# The Giants Win The Super Bowl!



## Shimmer (Feb 4, 2008)

Yes.

F*****g yes.


Stick that in your pipe and smoke it Tom. 

Ohhhhh, remember your little comment in that interview about Plaxico (sp?) only giving y'all 17 points for the game, calling it 23-17 Giants?  And all the rest of your team's comments about how ridiculous the prediction was? Talking about how 'the game's played on the field' and 'pffft. ok.'? 

Burn baby. You didn't even make that.


----------



## CaraAmericana (Feb 4, 2008)

MY dad and I were pulling for Giants. They earned it taking out Cowboys and Packers. My mom and Nephew were for the Pats. Too bad soooo sad!


----------



## Shimmer (Feb 4, 2008)

I'm not a Giants fan at all, but fucking KUDOS to them and their defense.


----------



## CaraAmericana (Feb 4, 2008)

I got admit the first half was boring. Hell, right up until the last 5 minutes of the game was boring. tee hee. 

You see Bill Belichick and his exit at .01 sec??! lol


----------



## *KT* (Feb 4, 2008)

DH is an old school Patriots fan.  He lived in NH before I moved his butt to MI, hehe.  Was a very tough game and both teams played really hard.  I like to see a clean game where it's just played and not tons of questionable calls where people go back and whine about anything.  Grats to the Giants fans.


----------



## Shimmer (Feb 4, 2008)

Yes I did and I called him a crybaby for it. That's inexcusable, as coach, you're supposed to finish the thing out.


----------



## CaraAmericana (Feb 4, 2008)

Thats gotta hurt though, your first lost of the season...is AT the Superbowl.


----------



## *KT* (Feb 4, 2008)

Quote:

   Originally Posted by *CaraAmericana* 

 
_I got admit the first half was boring. Hell, right up until the last 5 minutes of the game was boring. tee hee. 

You see Bill Belichick and his exit at .01 sec??! lol_

 
Yeah, it was hellishly boring.  

And to clarify for any who didn't happen to watch, Belichick didn't exit the stadium or anything, he walked onto the field to congratulate the coaches & players. Talk about the field getting swarmed with players and photogs!


----------



## Shimmer (Feb 4, 2008)

Quote:

   Originally Posted by **KT** 

 
_Yeah, it was hellishly boring.  

And to clarify for any who didn't happen to watch, Belichick didn't exit the stadium or anything, he walked onto the field to congratulate the coaches & players.

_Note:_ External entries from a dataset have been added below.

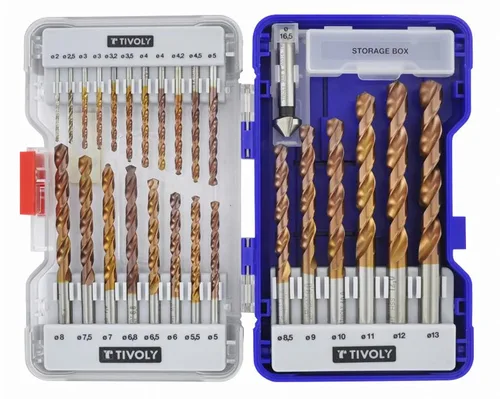 Vista 7 de TIVOLY - Juego de 19 brocas metálicas FURIUS de alto rendimiento HSS Ø1 a 0.394 in en incrementos de 0.020 in - Perforación rápida en acero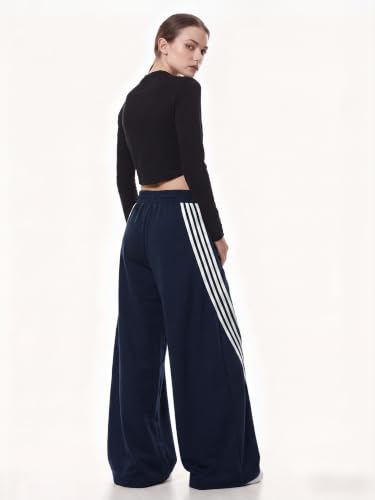 Image of EMMIOL Women's Y2K Baggy Barrel Striped Sweatpants High Waisted Wide Leg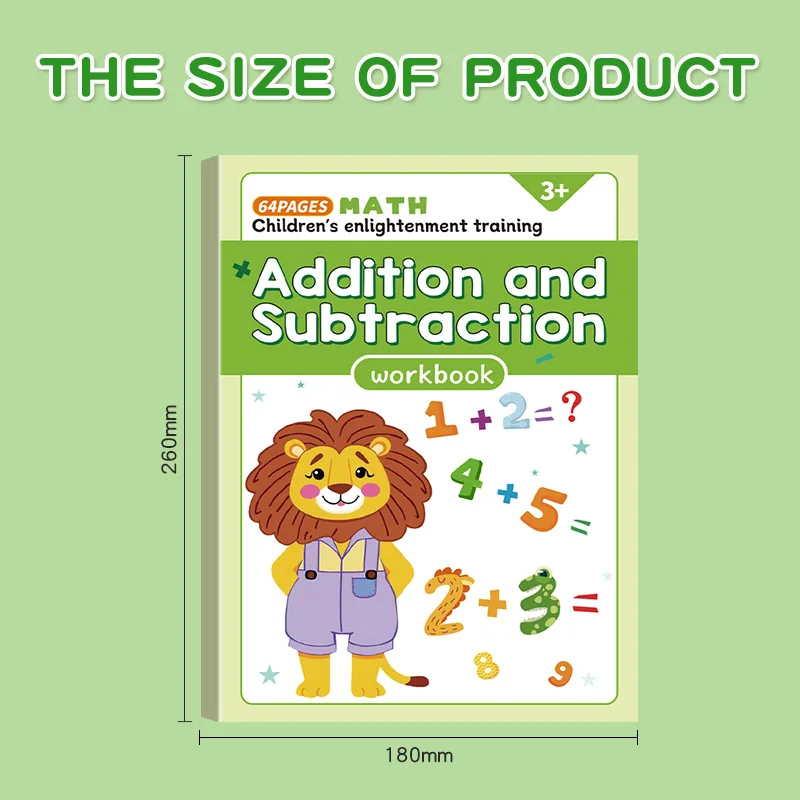 ספר תרגול למתמטיקה עם 64 עמודים להוספת וחיסור לילדים בגילאי 3-8 עם מספרים צבעוניים ומעקב ופירוק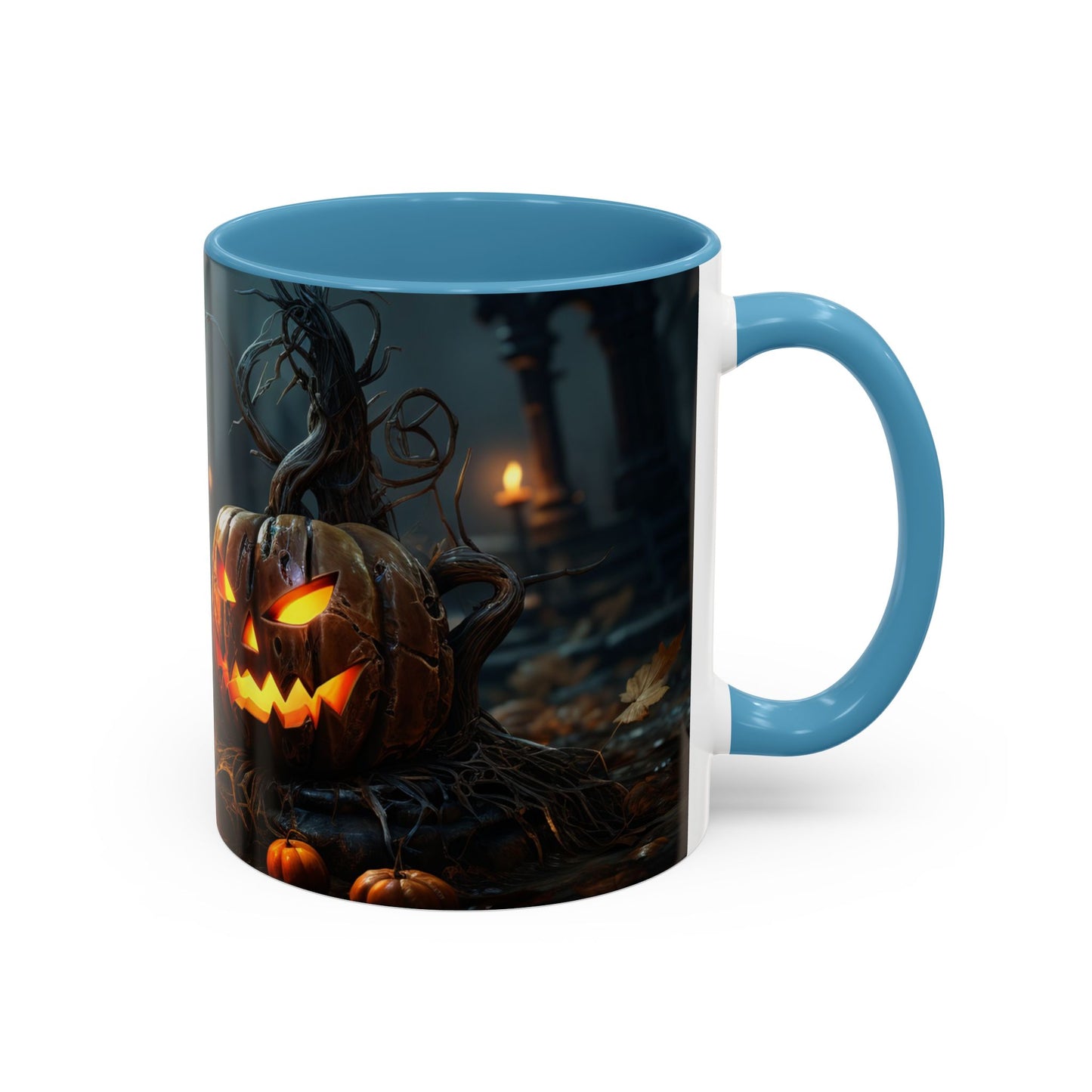 Halloween Pumpkin Accent Coffee Mug, Spooky Decor for Fall, Perfect Gift for Halloween Lovers, Seasonal Drinkware, Gift for Halloween Day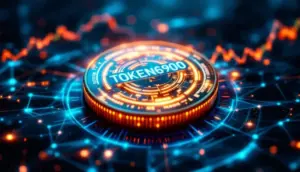 仮想通貨TOKEN6900を中心に描かれた象徴的なメインビジュアル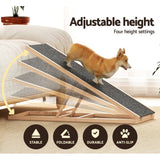 Darrahopens Pet Care > Dog Supplies i.Pet Dog Ramp Adjustable Height Steps For Bed Sofa Car Foldable Non-slip 100cm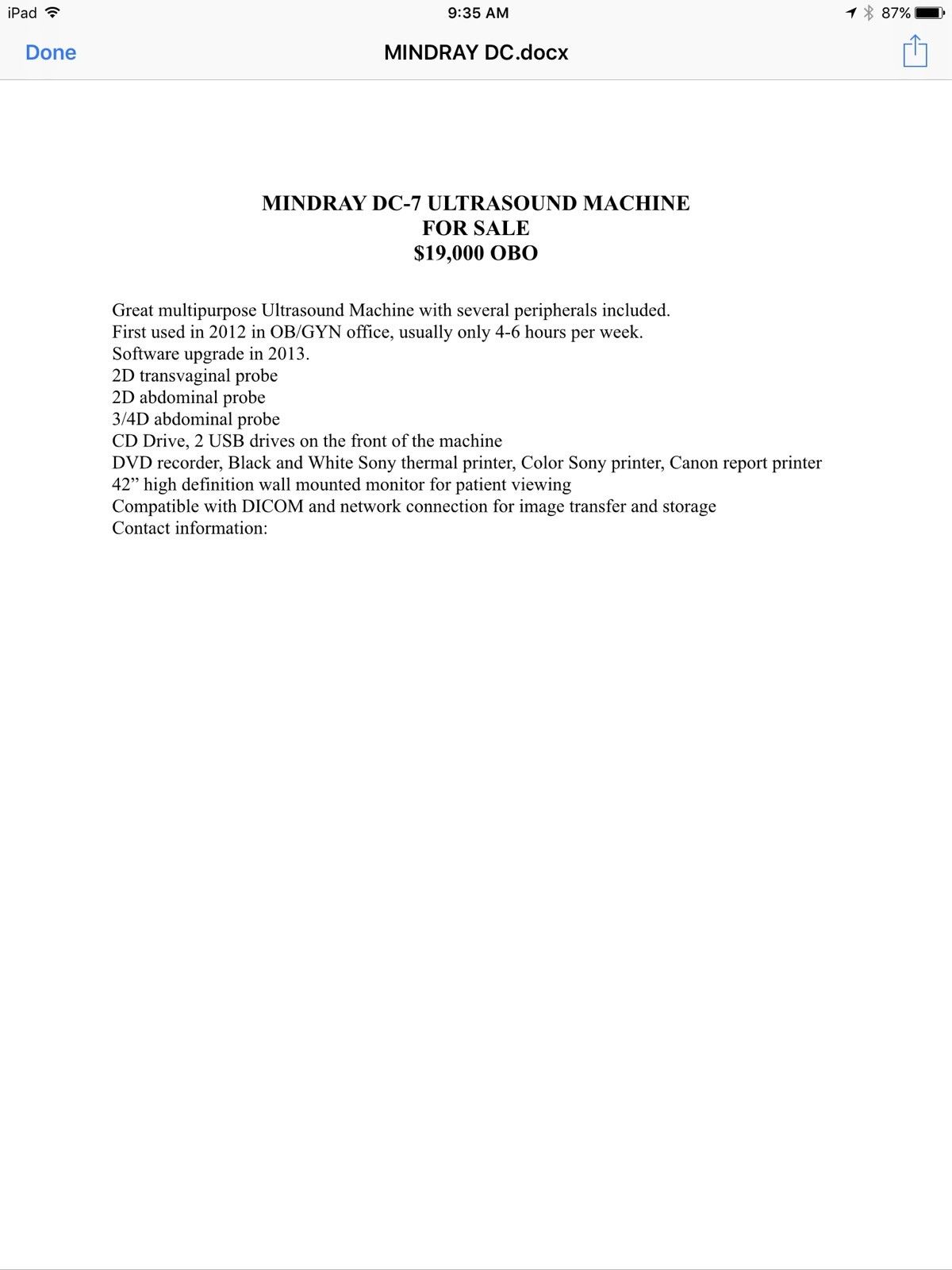 Mindray Ultrasound DC 7 DIAGNOSTIC ULTRASOUND MACHINES FOR SALE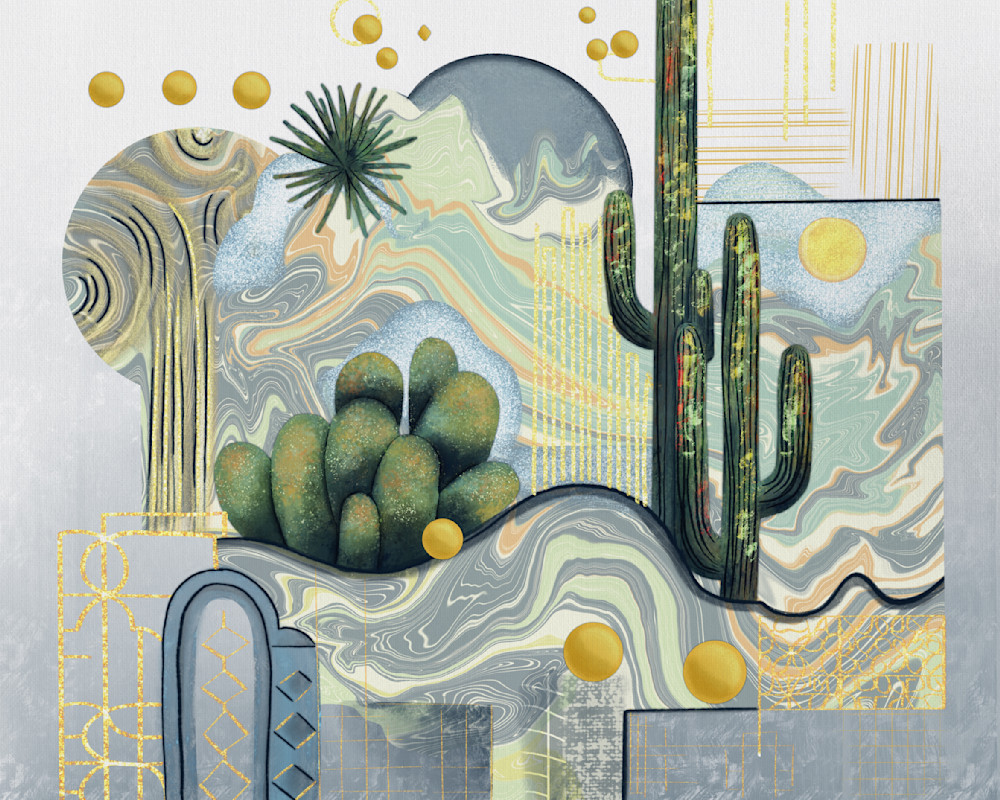 Cacti Curves Artwork: Whimsical Desert Chic for Your Space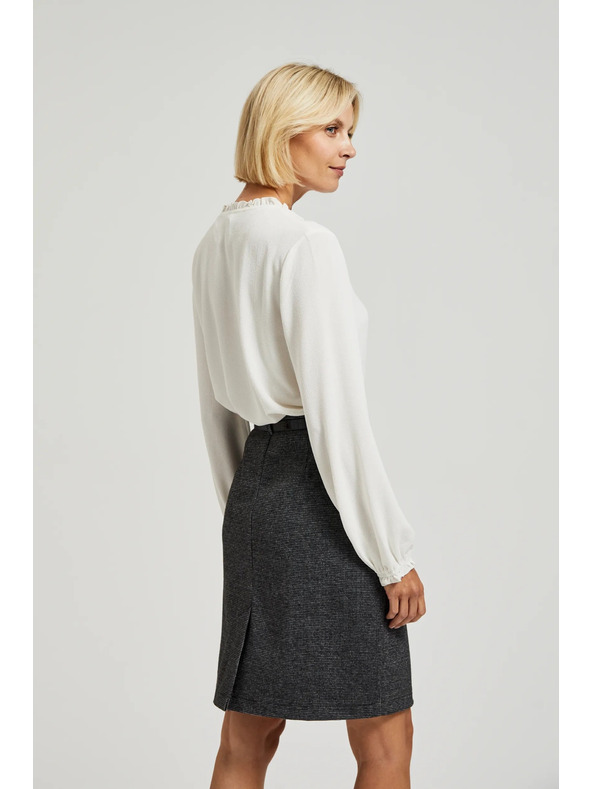 Moodo Biela blúzka so zaväzovaním na výstrihu a nafúknutými rukávmi Moodo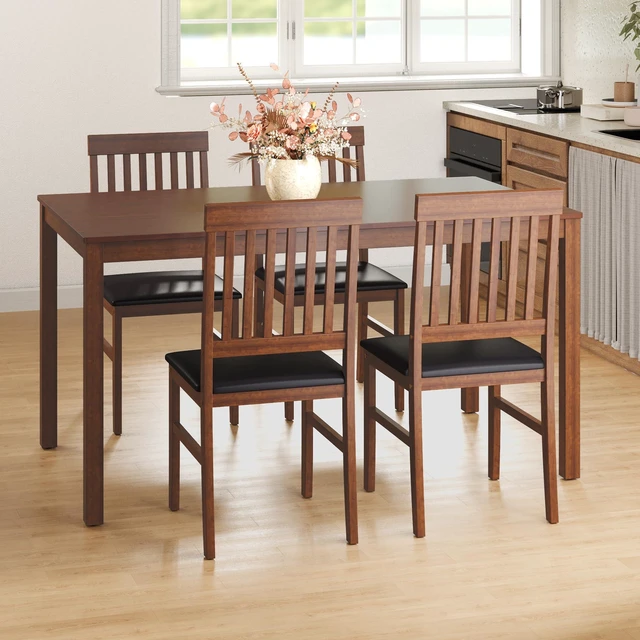 Alt view image 6 of 7 - Leather Upholstered Dining Chairs Set, Brown, PVC, Solid Wood and MDF, Seating for Dining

Talk about the field getting swarmed with players and photogs!_

 
No he didn't.
He walked on the field to do the niceties, then 1 second was added back to the clock, NFL rules said that NY had to take the snap, and Bellichick left the field. 

One of the commentators even remarked that NE's defense was going to have to line up on the field while Bellichick was walking down the tunnel leaving the game. 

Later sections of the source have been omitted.